RustyLR supports Generalized LR (GLR) parsing, enabling it to handle ambiguous or nondeterministic grammars that traditional LR(1) or LALR(1) parsers cannot process.
When a GLR parser encounters a conflict (such as shift/reduce or reduce/reduce), it forks the current parsing state into multiple branches, each representing a different possible interpretation of the input. These branches are processed in parallel, and invalid paths are pruned as parsing progresses.
To utilize GLR parsing in RustyLR, include the %glr; directive in your grammar definition. This directive instructs RustyLR to generate a GLR parser, which can handle ambiguous grammars by exploring multiple parsing paths.
Once %glr
directive is added, any conflicts in the grammar will not be reported as errors.

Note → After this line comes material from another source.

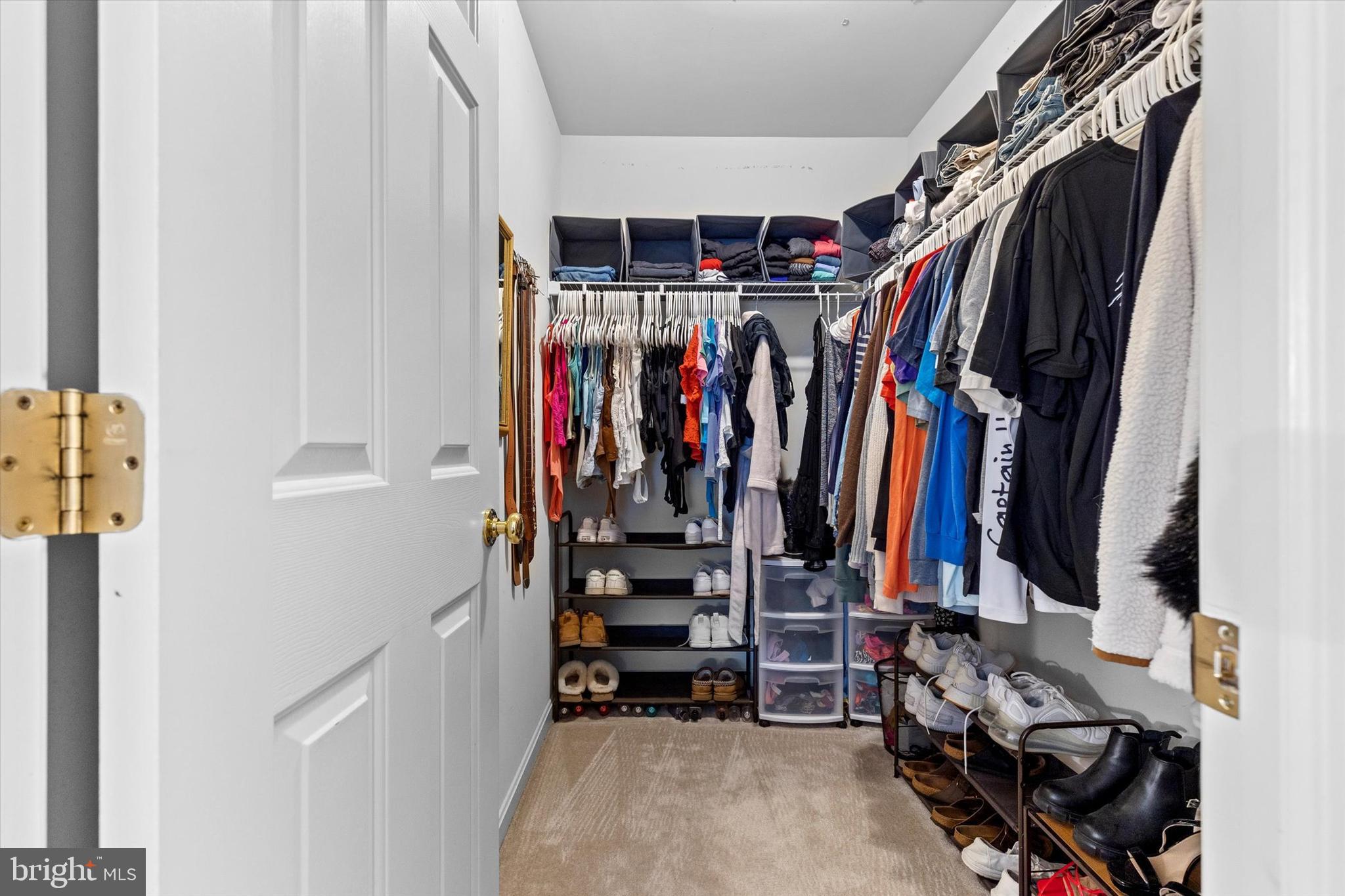 STONYBROOK - Residential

It's important to be aware of points in your grammar where shift/reduce or reduce/reduce conflicts occur, as each divergence increases computational complexity.
If you are using executable rustylr
, you can use --verbose
option to see any conflicts in the grammar and their divergent paths.
%glr;
%tokentype char;
%start E;
%eof '\0';
Digit(char): ['0'-'9'] ;
E(i32): E '+' E { E + E }
| E '*' E { E * E }
| Digit { Digit.to_digit(10).unwrap() as i32 };
In this grammar, the expression 1 + 2 * 3 + 4 has multiple valid parse trees due to the ambiguity in operator precedence and associativity.
((1 + 2) * 3) + 4
(1 + (2 * 3)) + 4
1 + ((2 * 3) + 4)
1 + (2 * (3 + 4))
(1 + 2) * (3 + 4)
The GLR parser will explore all possible parsing paths to construct the parse forest.
RustyLR allows you to resolve ambiguities dynamically within reduce actions.
Simply returning Err
from a reduce action will prune the current branch of the parse tree.
By inspecting the lookahead token or other context, you can decide whether to proceed with a particular reduction.
For example, to enforce operator precedence (e.g., * has higher precedence than +), you can modify the reduce actions as follows:
E : E '+' E {
match *lookahead {
'*' => {
// no reduce if the next token is '*'
// this prevent
// E + E / *
// ^ lookahead
// to be E * ...
// ^ (E + E)
return Err("".to_string());
}
_ => {
// revoke the shift action
// this prevent
// E + E / +
// ^ lookahead
// to be E + E + ...
// and enforce only the reduce action takes place
// E + ...
// ^ (E + E)
*shift = false;
}
}
}
lookahead: TokenType
and shift: &mut bool
are predefined variable and can be used in the reduce action.
lookahead
refers to the next token in the input stream.- Returning
Err
from the reduce action will discard the current parsing path. - Setting
*shift = false;
prevents the parser from performing a shift action, enforcing the desired reduction.
RustyLR provides a consistent parsing interface for both deterministic and GLR parsers. After generating the parser, you can feed tokens to the parser context and retrieve the parsing results.
let parser = EParser::new(); // <StartSymbol>Parser class
let mut context = EContext::new(); // <StartSymbol>Context class
for token in input_sequence {
match context.feed(&parser, token) {
Ok(_) => {}
Err(e) => {
println!("Parse error: {}", e);
return;
}
}
}
// Retrieve all possible parse results
for result in context.accept_all() {
println!("Parse result: {:?}", result);
}
In this code:
EParser::new()
creates a new parser instance.EContext::new()
initializes the parsing context.context.feed(&parser, token)
feeds tokens to the parser.context.accept_all()
retrieves all valid parse results from the parse forest.